__Data to examine__:
"""

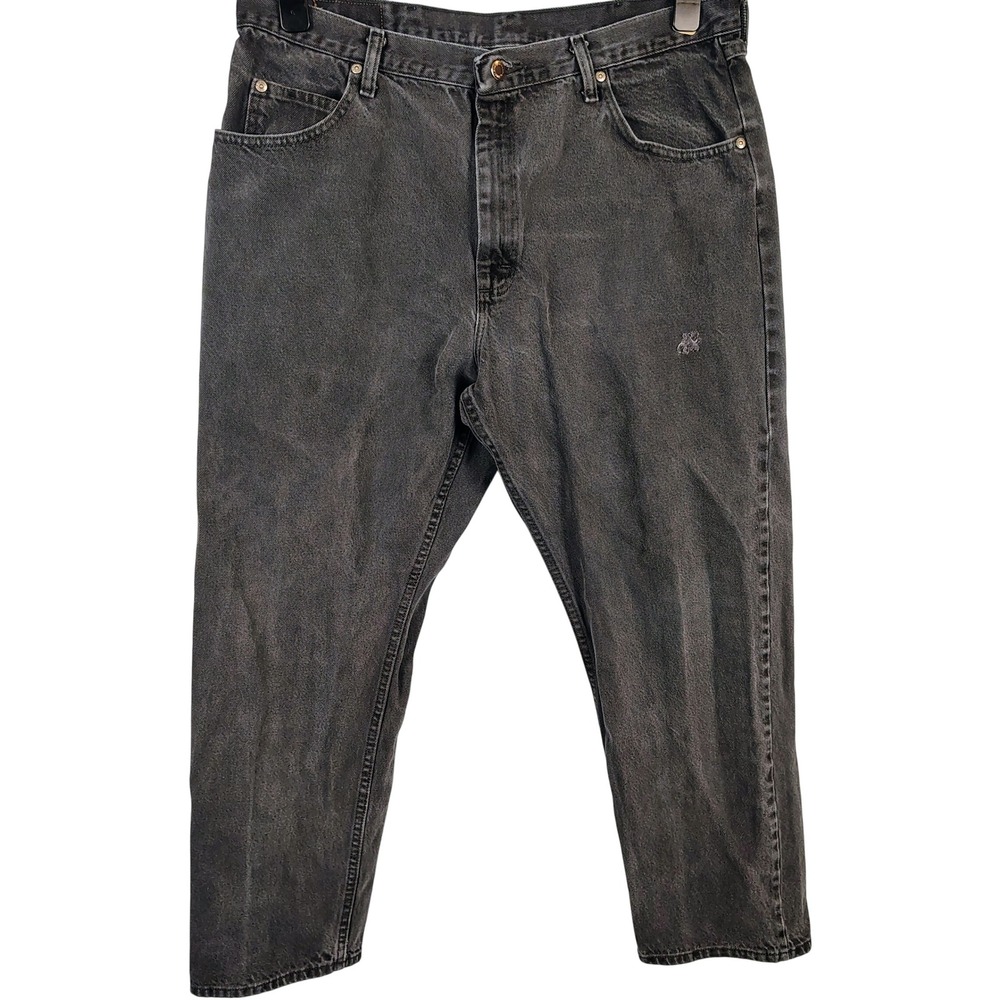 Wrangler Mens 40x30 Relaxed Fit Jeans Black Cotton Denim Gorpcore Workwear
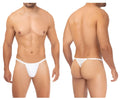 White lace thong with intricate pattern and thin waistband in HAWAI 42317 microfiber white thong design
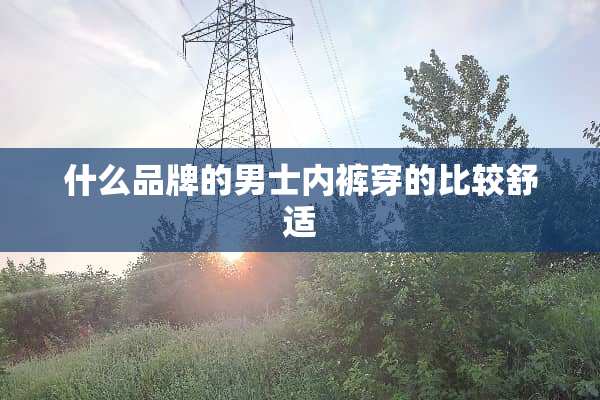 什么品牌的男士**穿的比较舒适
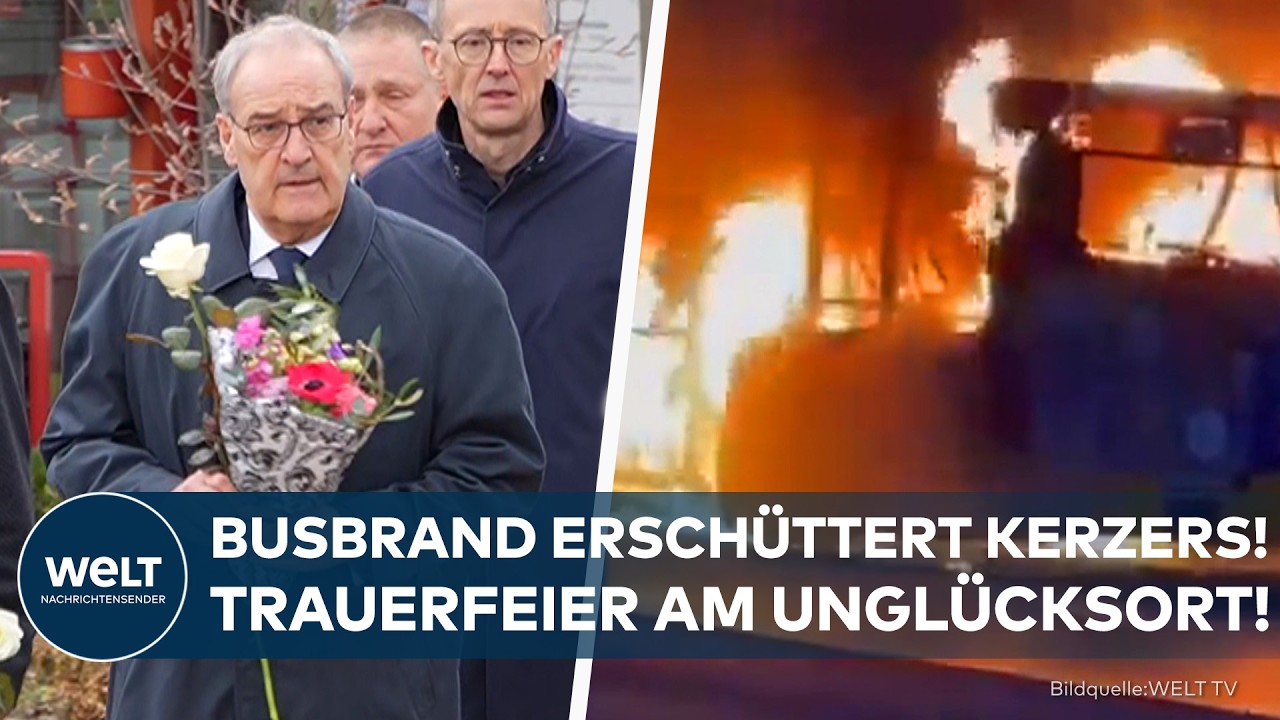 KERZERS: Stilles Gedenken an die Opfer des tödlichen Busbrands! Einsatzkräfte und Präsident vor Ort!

"""
"""

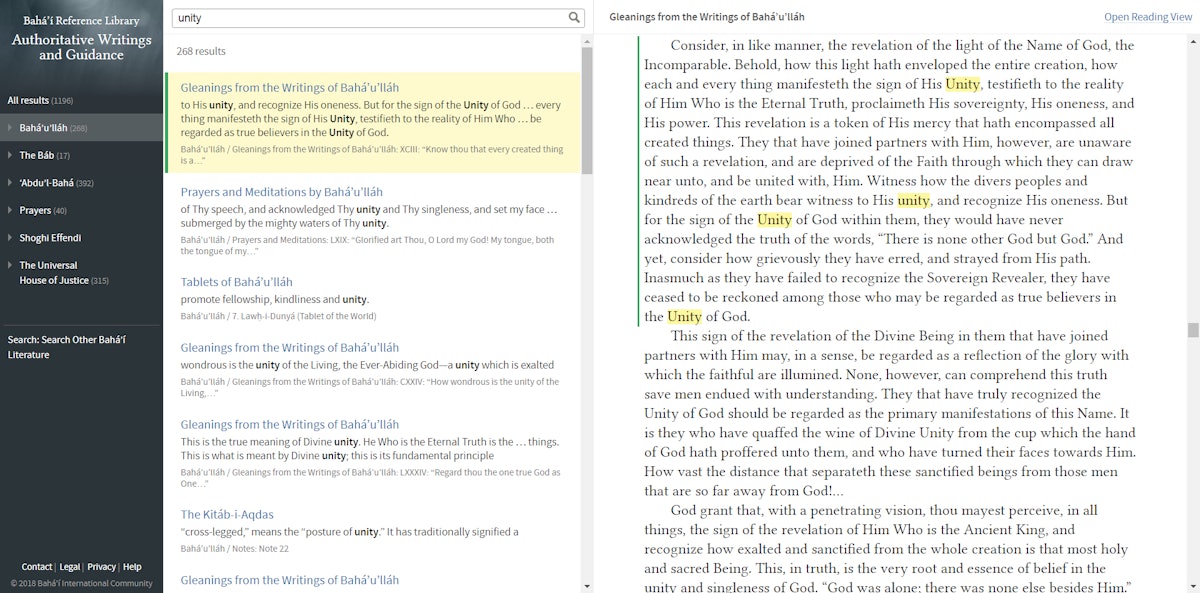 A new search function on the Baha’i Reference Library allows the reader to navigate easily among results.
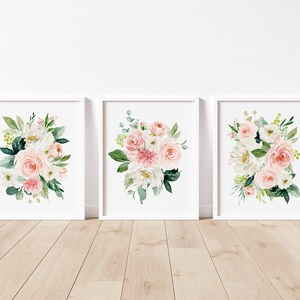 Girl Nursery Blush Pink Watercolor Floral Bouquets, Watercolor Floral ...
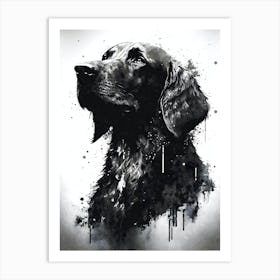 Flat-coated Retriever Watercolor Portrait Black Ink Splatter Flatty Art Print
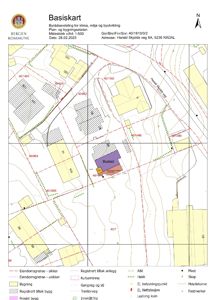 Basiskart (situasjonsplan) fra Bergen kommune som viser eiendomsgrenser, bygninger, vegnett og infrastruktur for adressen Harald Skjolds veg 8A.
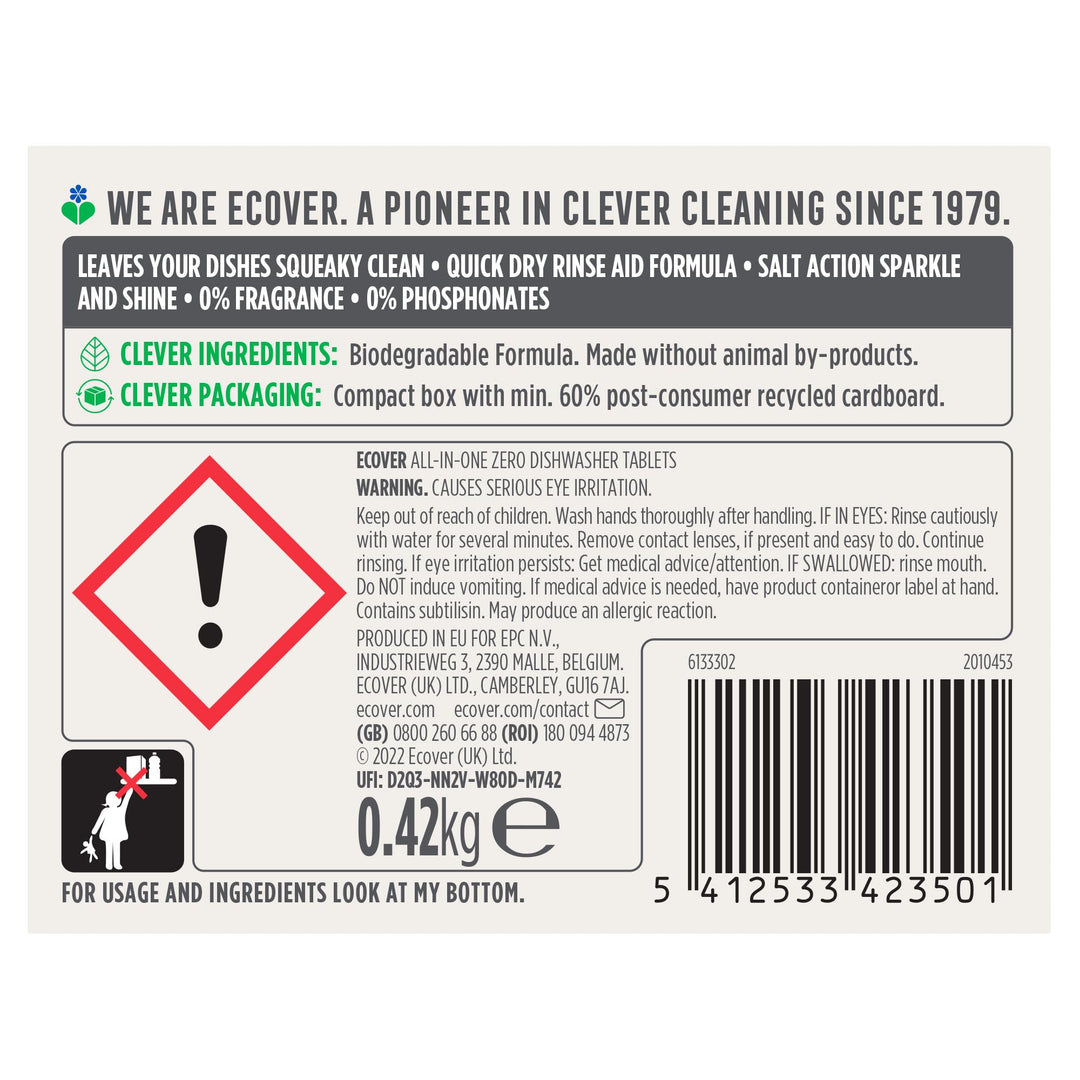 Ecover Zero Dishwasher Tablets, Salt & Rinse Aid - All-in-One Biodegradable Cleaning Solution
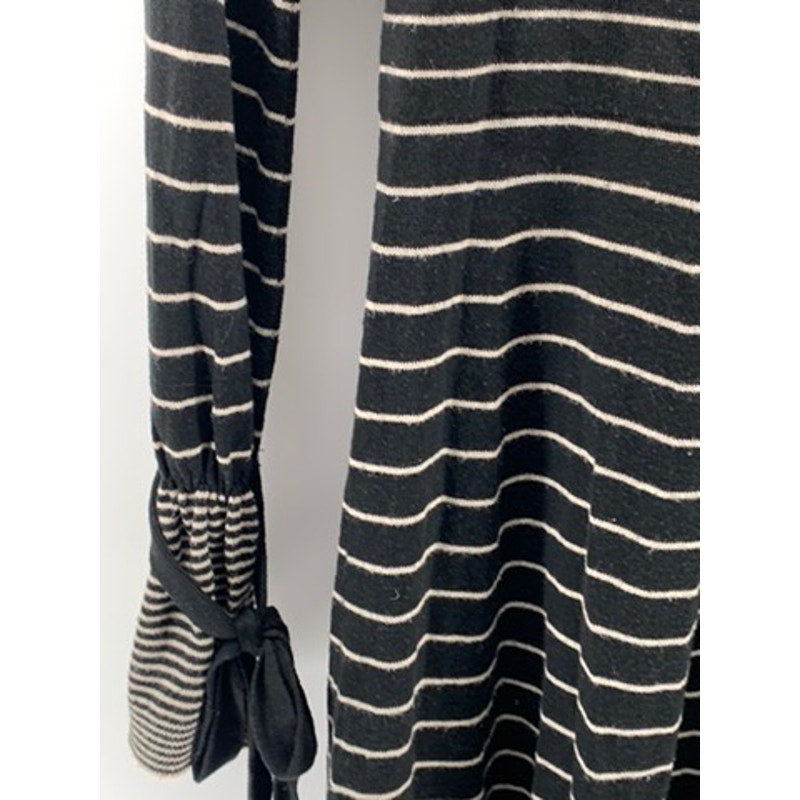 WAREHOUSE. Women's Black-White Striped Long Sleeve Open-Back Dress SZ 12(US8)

"""
"""

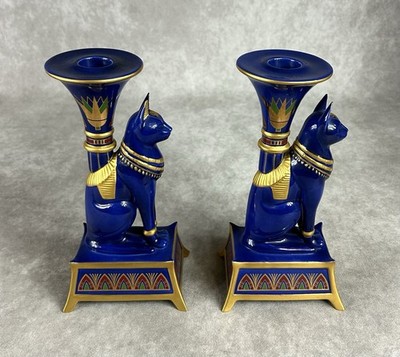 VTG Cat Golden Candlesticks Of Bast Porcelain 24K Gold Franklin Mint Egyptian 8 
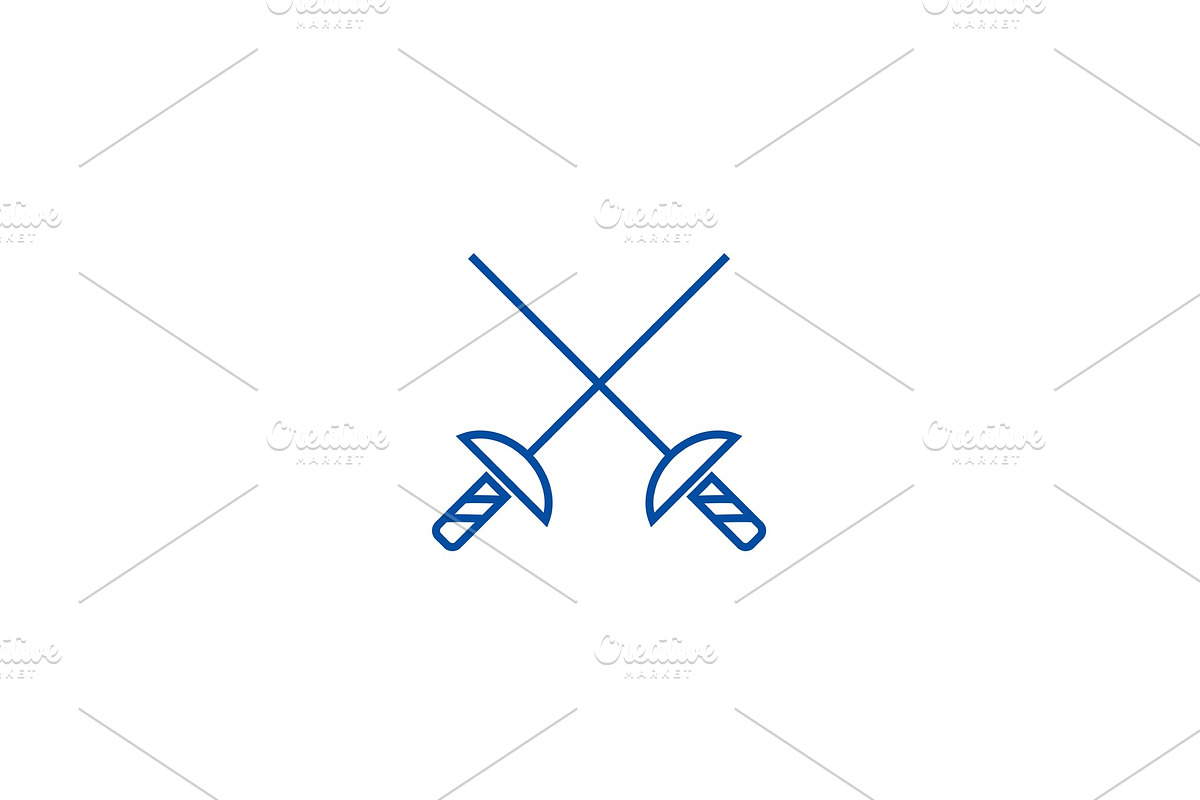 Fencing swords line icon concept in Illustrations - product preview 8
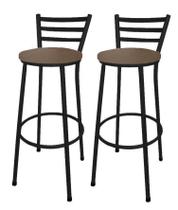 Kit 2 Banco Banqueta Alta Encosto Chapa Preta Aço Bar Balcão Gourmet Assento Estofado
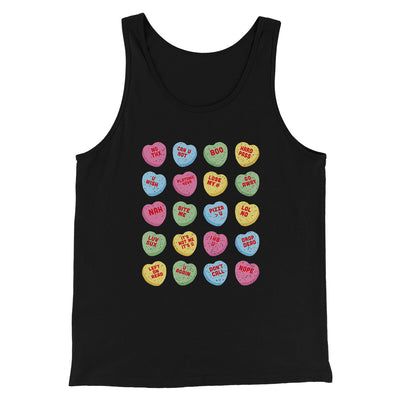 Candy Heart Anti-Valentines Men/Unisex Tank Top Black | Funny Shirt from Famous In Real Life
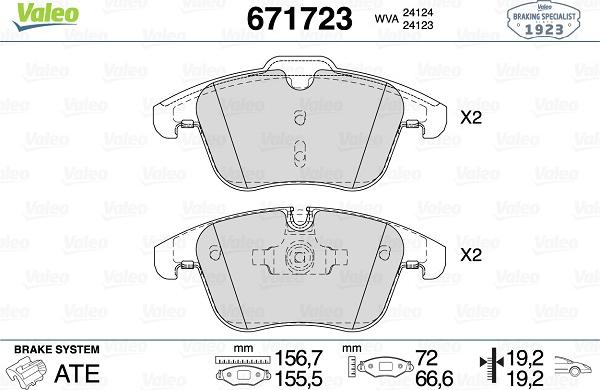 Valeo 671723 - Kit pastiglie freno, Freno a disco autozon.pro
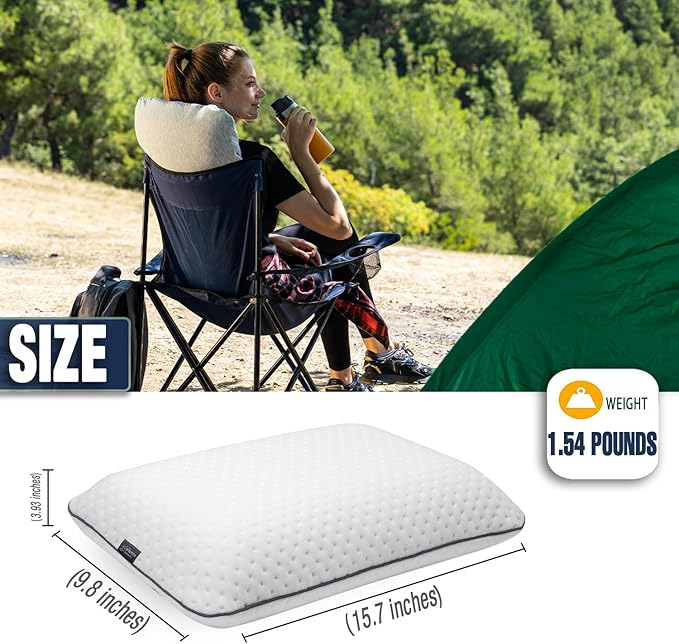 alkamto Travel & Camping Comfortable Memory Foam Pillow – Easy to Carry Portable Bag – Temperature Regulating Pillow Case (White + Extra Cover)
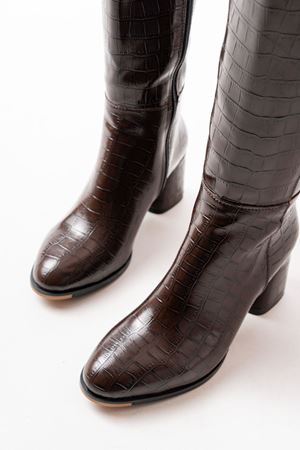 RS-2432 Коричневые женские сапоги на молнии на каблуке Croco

"""

__About this exercise__: What you return from the records above should be exactly everything from the line with "Wrangler Mens 40x30" down to the line with "KERZERS: Stilles Gedenken", both kept, and no pictures.

__Solution to this task__:
 Wrangler Mens 40x30 Relaxed Fit Jeans Black Cotton Denim Gorpcore Workwear
 White lace thong with intricate pattern and thin waistband in HAWAI 42317 microfiber white thong design
 什么品牌的男士**穿的比较舒适
 KERZERS: Stilles Gedenken an die Opfer des tödlichen Busbrands! Einsatzkräfte und Präsident vor Ort!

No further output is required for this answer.